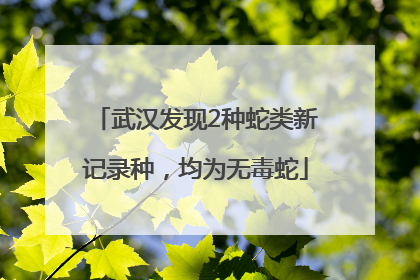 武汉发现2种蛇类新记录种，均为无毒蛇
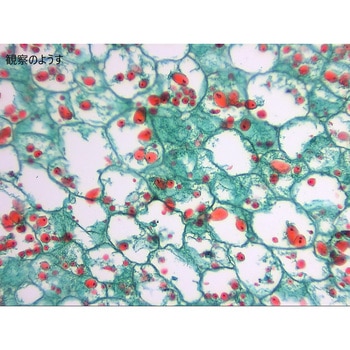 L55-8414 vp[g iJ WKC  1(10) L55-8414 66386961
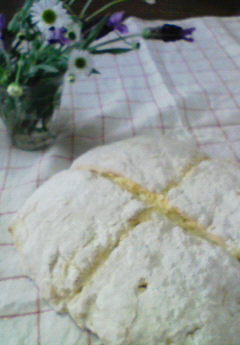 c0156018_17331121.jpg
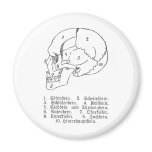 German skull magnet
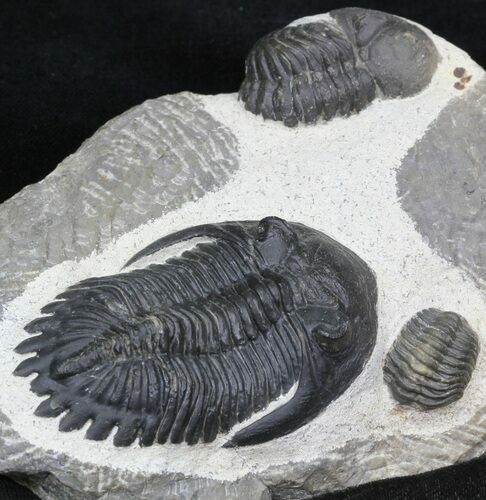 Hollardops Trilobite With Barrandeops #32481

▶ [Work to complete]: An exact copy of all the records, free of pictures, is the expected answer.

▶ [Output below]:
 武汉发现2种蛇类新记录种，均为无毒蛇
 L55-8414 vp[g iJ WKC  1(10) L55-8414 66386961
 c0156018_17331121.jpg
 German skull magnet
 Hollardops Trilobite With Barrandeops #32481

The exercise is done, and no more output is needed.